Je gagnais progressivement son cœur. Je ne voulais pas que tu te précipites et que tu t'énerves peut-être à nouveau contre moi. J'étais toujours amusée quand Félix souriait, et chaque fois que je l'entendais rire, c'était comme une nouvelle expérience pour mes yeux et mes oreilles, et je n'en avais jamais assez.
J'avais tellement envie de lui poser les mêmes questions que j'avais posées auparavant. Curieusement, ça me tuait de savoir ce qu'il pensait de Bretzel.
Après quelques minutes, j'ai trouvé le moment parfait. J'ai saisi ma chance. « Je suis impressionnée par les réalisations de Bretzel à son jeune âge. » Je l'ai d'abord complimentée parce qu'elle était notre sujet.
« Oui, elle est géniale à sa façon. Elle était prête à être une vieille dame quand je l'ai rencontrée, mais j'ai changé ça », a-t-il dit, et j'ai remarqué un sourire étrange sur ses lèvres, et c'était ça—
« Tu l'aimes ? » C'était à peine audible, mais je savais que c'était suffisant pour qu'il entende malgré le bruit autour de nous.
« Oui, je l'aime en tant que personne pour être gentille avec tout le monde autour d'elle ; qui ne le ferait pas ? » J'ai été surprise par sa réponse rapide.
« Et au-delà ? » J'ai continué.
« Au-delà, comment ça ? »
« Au-delà, genre, plus que ça—si tu l'aimes ou si tu te soucies juste du bébé ? » j'ai demandé clairement.
Il a soupiré et s'est tourné pour me faire face après un bref instant de silence. « Tu ne m'as pas déjà posé ça ? »
« O-Oui, mais tu n'as pas répondu », ai-je répondu en bégayant. J'avais tellement peur qu'il s'énerve à nouveau que j'ai détourné le regard et que j'ai fixé mes yeux sur l'un des barmen, qui se vantait en jetant des bouteilles en l'air devant une belle jeune femme.
« Je sais que je ne l'ai pas fait, mais j'ai une réponse maintenant », a-t-il dit, et j'ai rapidement reporté mon regard sur lui.
Il s'est légèrement incliné pour regarder le mug devant lui. Il a pris et bu jusqu'à la dernière goutte, et pendant qu'il posait le mug vide, j'ai reçu la réponse à ma question.
J'avais raison, il l'aime passionnément.
Il a dit au revoir, laissant un billet de papier sous le mug pour payer nos boissons. J'ai juste hoché la tête et je ne l'ai pas emmené dehors parce que je n'étais plus d'humeur à le raccompagner. Il ne m'a même pas demandé si j'allais bien ou ce que j'avais à dire.
J'ai bu le reste de la bière dans le mug. C'était difficile de respirer comme si quelque chose bloquait ma gorge et m'étouffait. J'ai demandé une autre boisson, mais cette fois une forte. Une commande a été suivie d'une autre, et ainsi de suite.
Je n'ai plus compté combien il y en avait ; c'était au barman de tenir le compte et de me facturer.

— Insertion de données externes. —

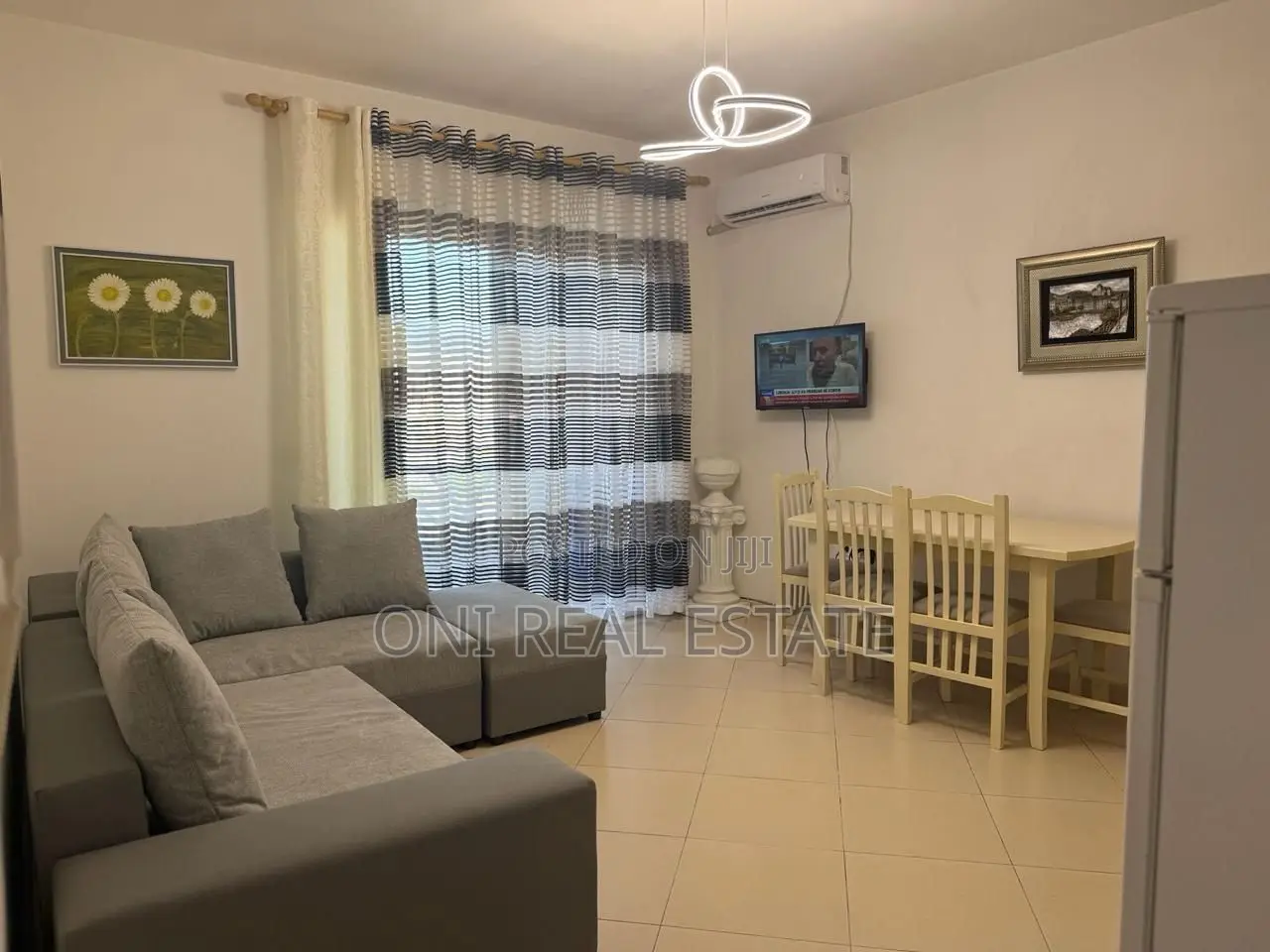 Apartment to rent Kavaja Str. - 21 Dhjetori (Tirana - city)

Je me suis réveillée dans ma chambre le lendemain matin. Je n'avais aucune idée comment j'étais remontée là-haut dans ma chambre. J'avais la tête lourde, et tout autour de moi tournait de vertige. J'ai essayé de me lever, mais je suis retombée sur le lit.

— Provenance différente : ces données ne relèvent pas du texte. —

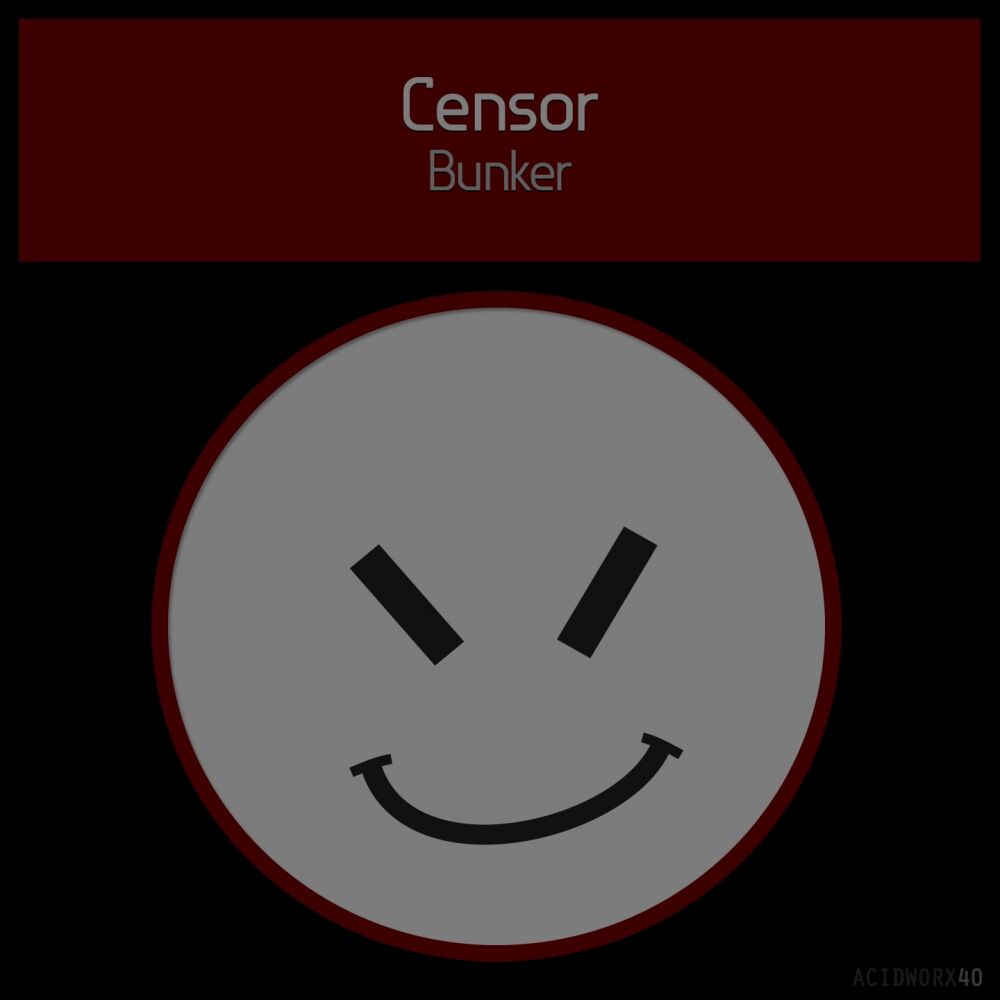 Picture of Bunker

Je n'arrivais pas à bouger. J'ai fermé les yeux et je me suis rendormie, en espérant que les vertiges s'estomperaient. Quand j'ai ouvert les yeux, il était déjà midi, et ces derniers mots que j'avais entendus de Félix avant qu'il ne parte se répétaient dans ma tête.
Cette nuit-là, j'étais blessée, mais le lendemain matin, ça a été remplacé par de la colère. « Quelle salope ! » ai-je hurlé, en me tenant la tête à deux mains pour lui donner un peu d'équilibre.
J'ai essayé de m'asseoir. J'ai pris les oreillers à côté de moi et je les ai jetés par terre. Je ne savais pas où mettre toute la colère que j'avais dans ma poitrine, et le mal de tête a tout empiré.
« Je ne serai plus gentille avec toi ! » ai-je crié si fort en pensant à Bretzel.